◆ Task description
The reply should be the records repeated exactly, without any images.

______________________________

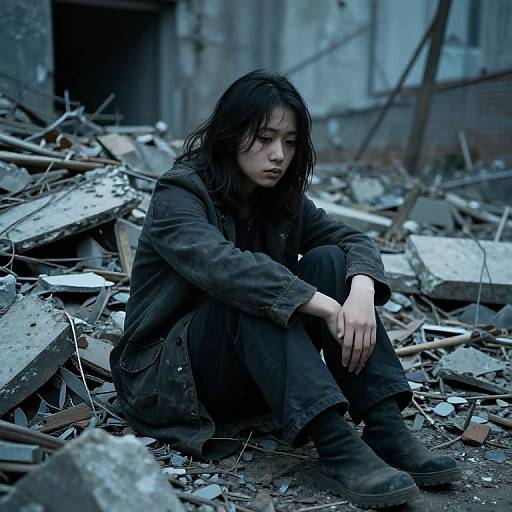 Thousand Yard Stare Amidst Rubble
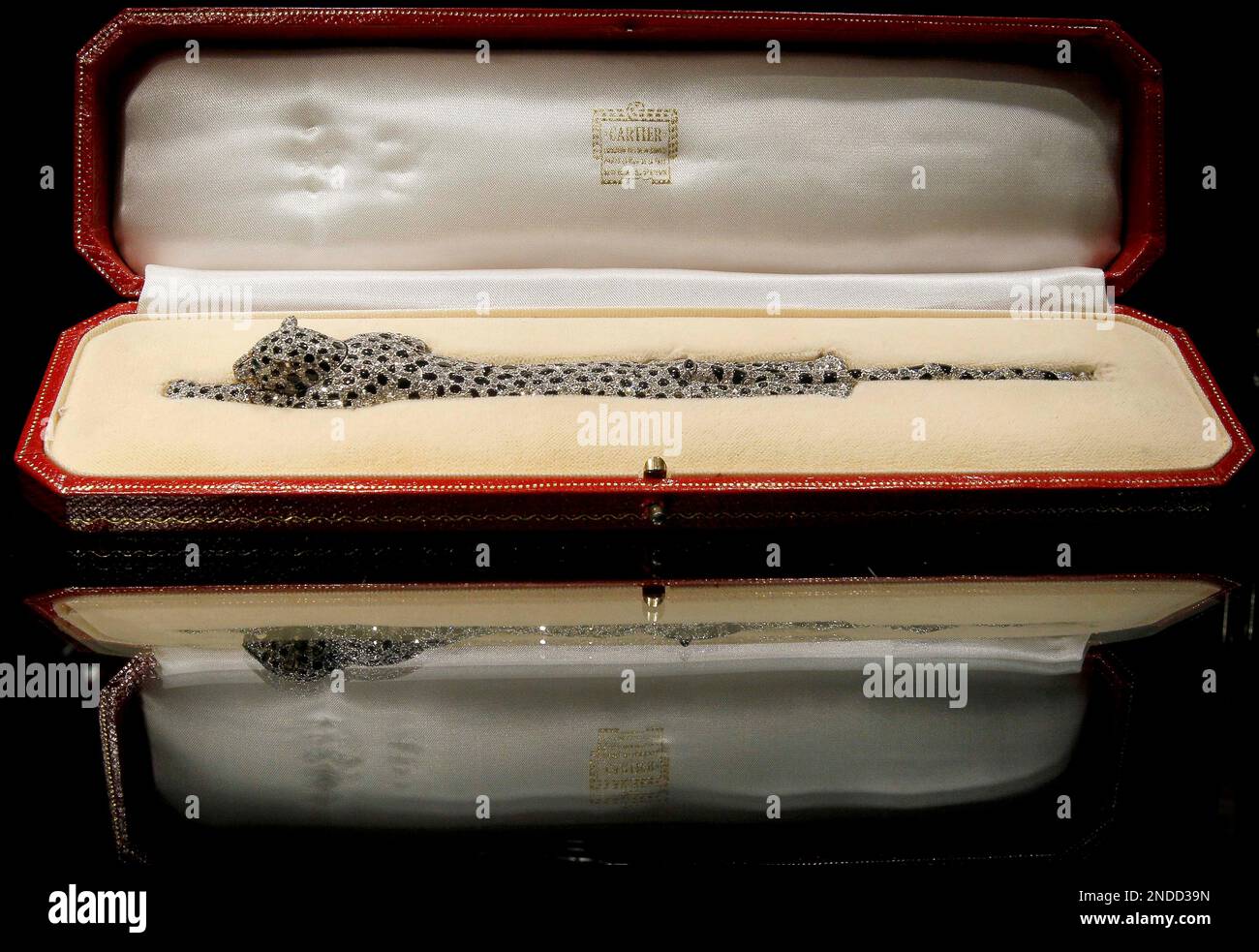 An onyx and diamond panther bracelet by Cartier that once belonged to Wallis Simpson is seen displayed at Sotheby s auction rooms in London Thursday July 22 2010. The bracelet one of twenty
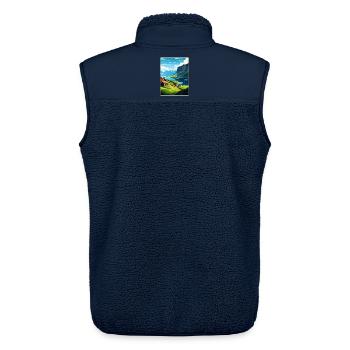 The Fjords Norway Norwegian Mountains Scandinavian - Unisex Sherpa Gilet by Stanley/Stella - navy - Back - AI Model Male 178 light (178cm)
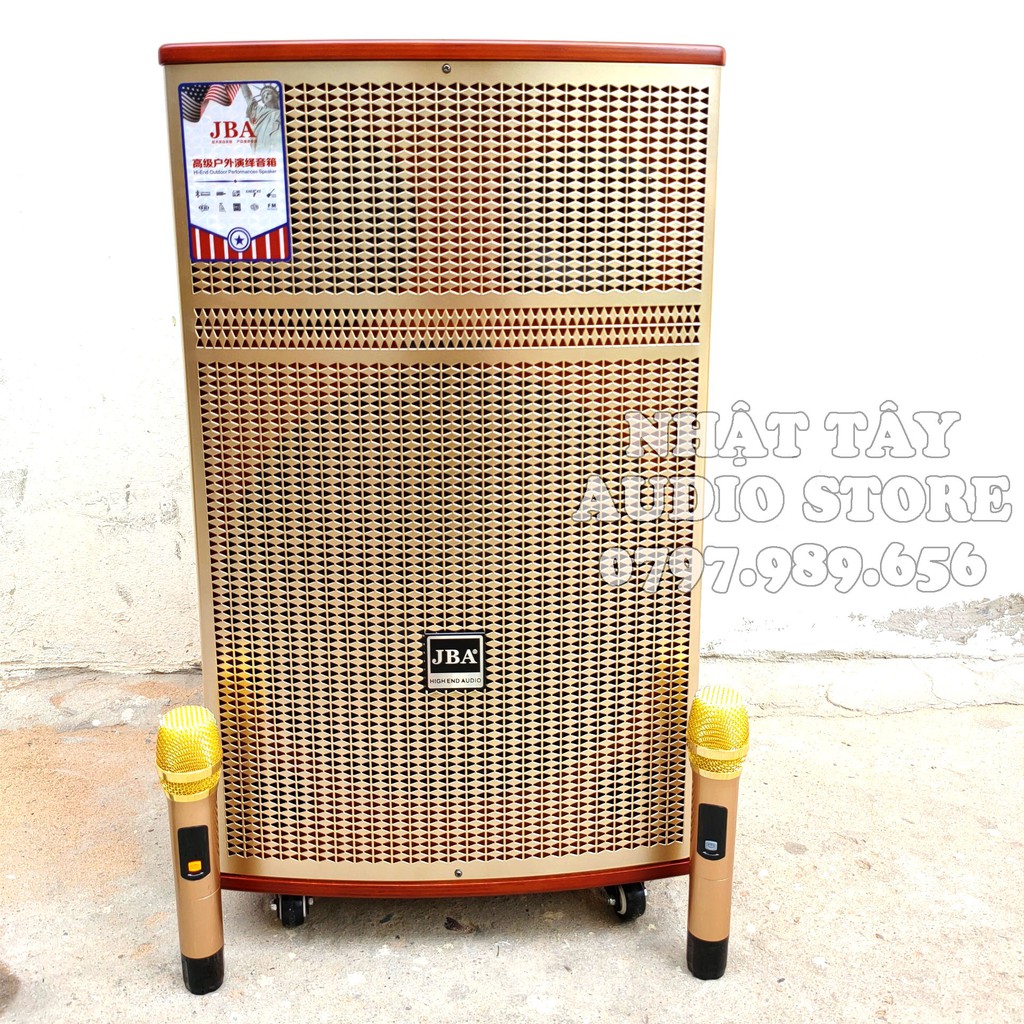 Loa Kẹo Kéo Di Động JBA A-25 - Loa karaoke công suất lớn 4 tấc kèm 2 micro UHF không dây cao cấp [ Có video test loa ]
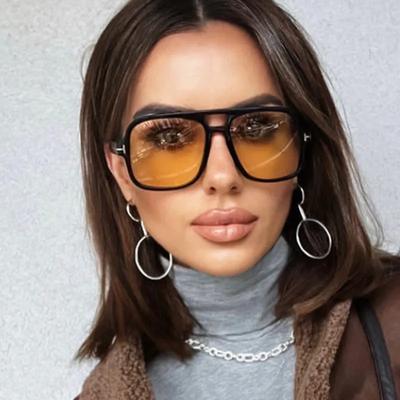 Novos Óculos de Sol Femininos High End Fotografia de Rua Modernos Tendência Formato T Armação Grande Aviador Óculos de Sol Hip Hop Óculos de Sol Saltitantes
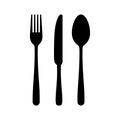 Cutlery silhouettes. Fork spoon knife black icon set. Black silverware sign. Vector utensil illustration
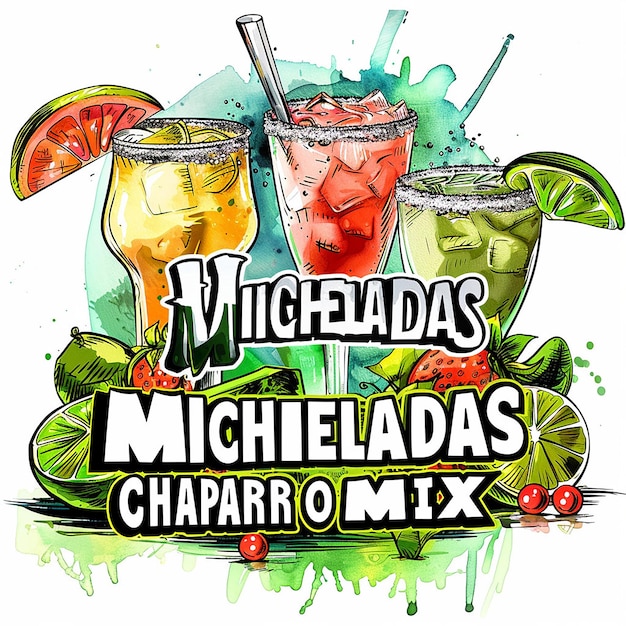 text MICHELADAS text EL CHAPARRO MIX logo style logo exotic colors isolated in white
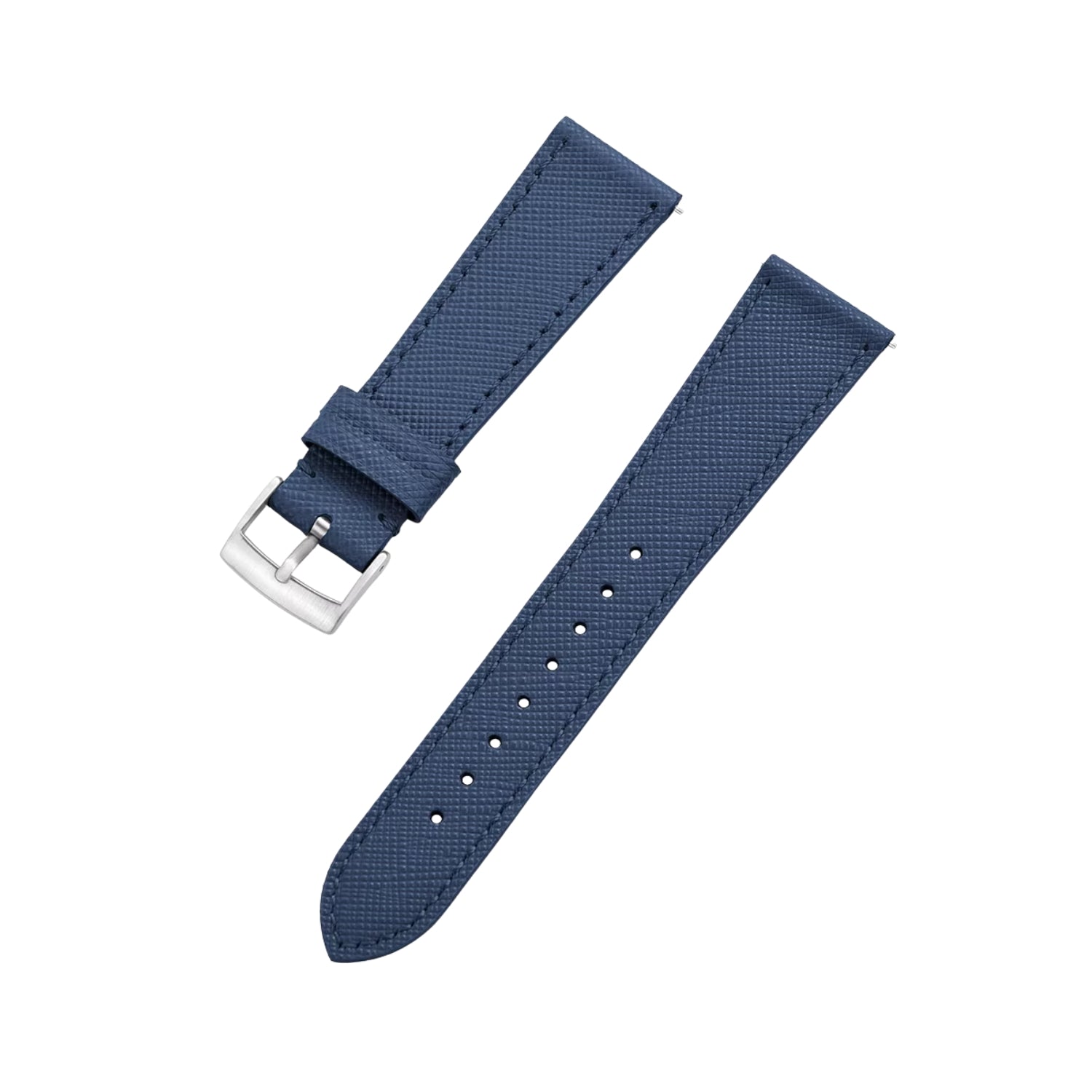 Navy Blue Leather Watch Strap – Handcrafted Replacement Band – Helvetus® - Helvetus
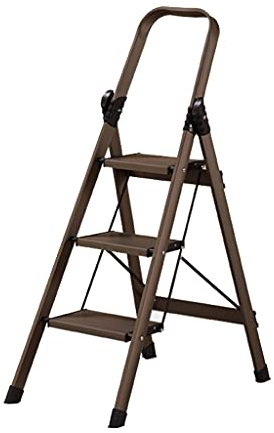 Leiter Trittleitern Aluminiumleitern Leichte tragbare 3-Stufen-Leiter Klappbarer Tritthocker mit Handläufen und 7 Zoll Breiten Pedaltrittleitern Roségold (Leiter B)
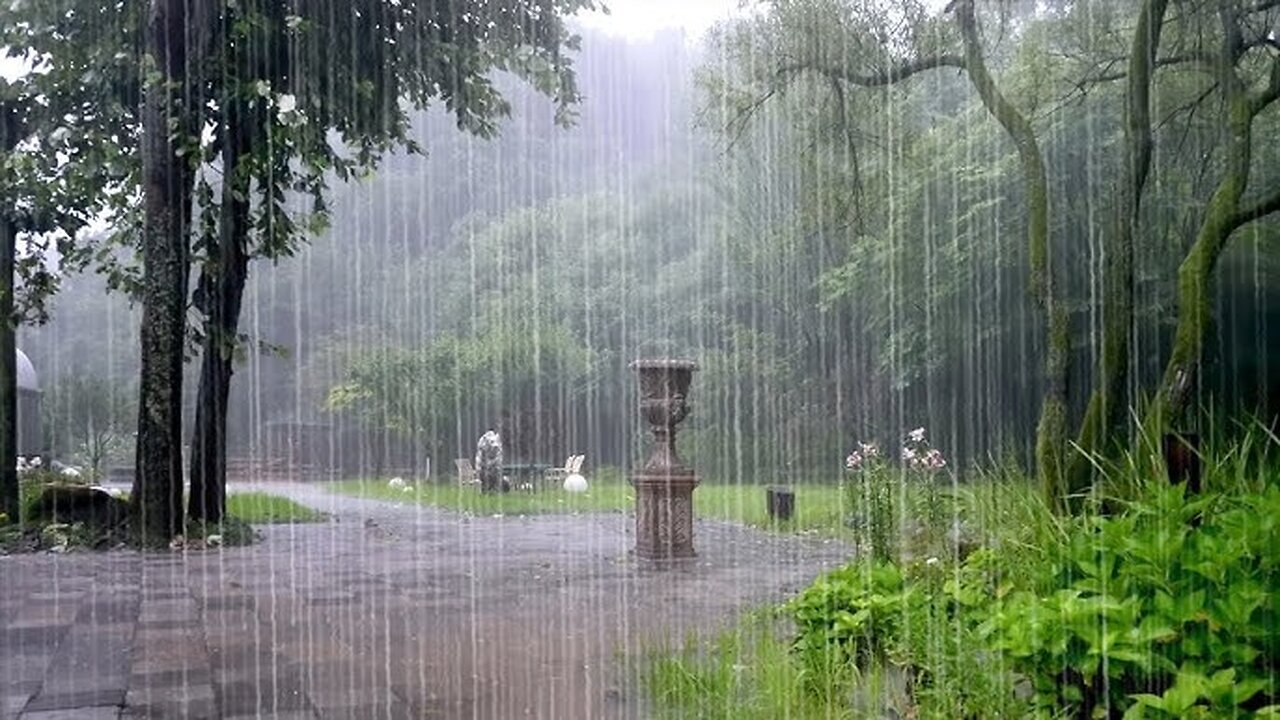 A park filled with pouring rain and the soothing sound of rain - the sound of nature that is good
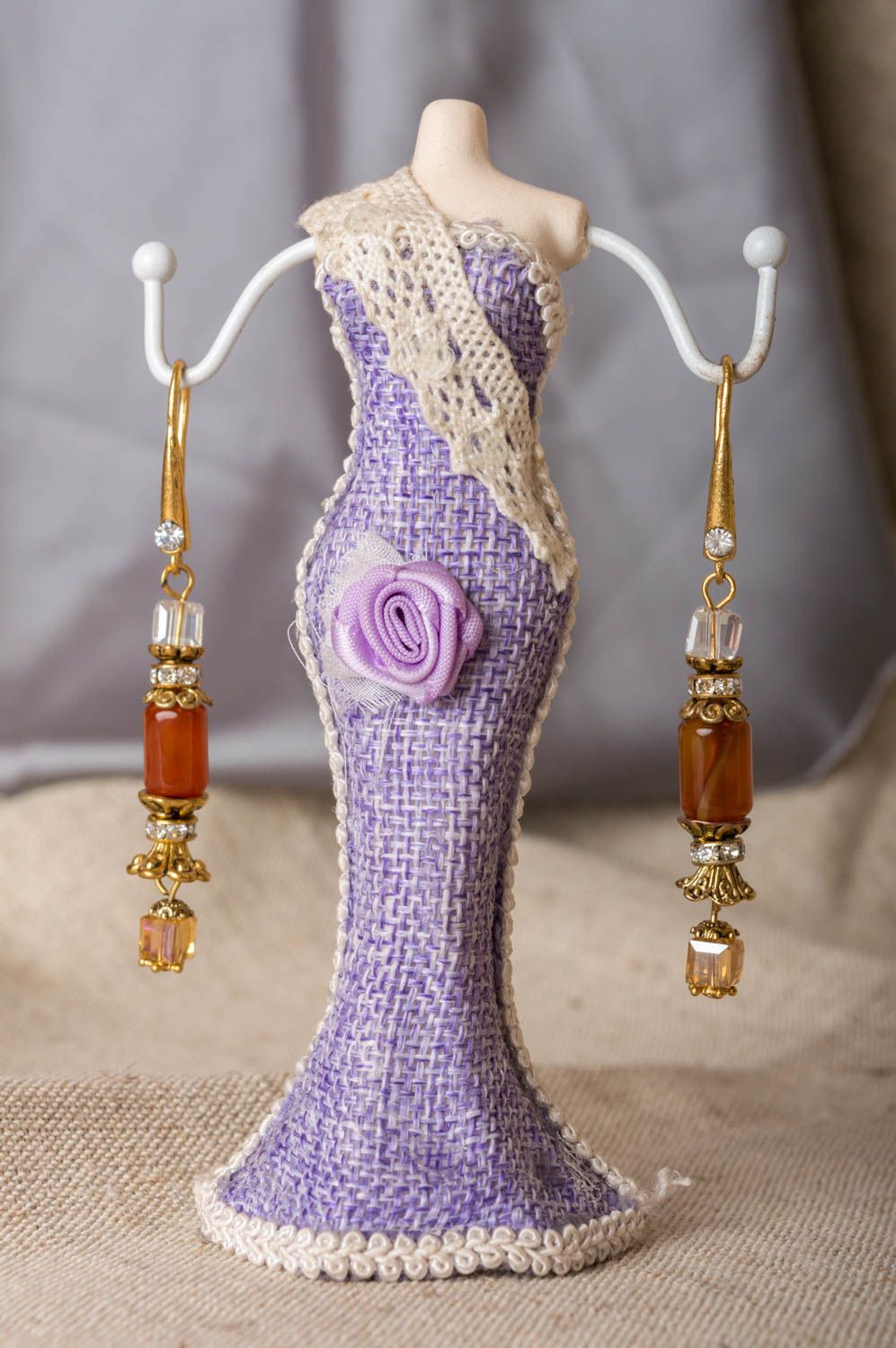 Beautiful stylish handmade designer long brass earrings with agate beads photo 1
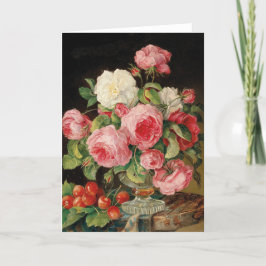 Cartão Roses and cherries oil painting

______________________________

◆ Problem solution
 Thousand Yard Stare Amidst Rubble
 An onyx and diamond panther bracelet by Cartier that once belonged to Wallis Simpson is seen displayed at Sotheby s auction rooms in London Thursday July 22 2010. The bracelet one of twenty
 The Fjords Norway Norwegian Mountains Scandinavian - Unisex Sherpa Gilet by Stanley/Stella - navy - Back - AI Model Male 178 light (178cm)
 Loa Kẹo Kéo Di Động JBA A-25 - Loa karaoke công suất lớn 4 tấc kèm 2 micro UHF không dây cao cấp [ Có video test loa ]
 Novos Óculos de Sol Femininos High End Fotografia de Rua Modernos Tendência Formato T Armação Grande Aviador Óculos de Sol Hip Hop Óculos de Sol Saltitantes
 Cutlery silhouettes. Fork spoon knife black icon set. Black silverware sign. Vector utensil illustration
 text MICHELADAS text EL CHAPARRO MIX logo style logo exotic colors isolated in white
 Navy Blue Leather Watch Strap – Handcrafted Replacement Band – Helvetus® - Helvetus
 Leiter Trittleitern Aluminiumleitern Leichte tragbare 3-Stufen-Leiter Klappbarer Tritthocker mit Handläufen und 7 Zoll Breiten Pedaltrittleitern Roségold (Leiter B)
 A park filled with pouring rain and the soothing sound of rain - the sound of nature that is good
 Beautiful stylish handmade designer long brass earrings with agate beads photo 1
 Cartão Roses and cherries oil painting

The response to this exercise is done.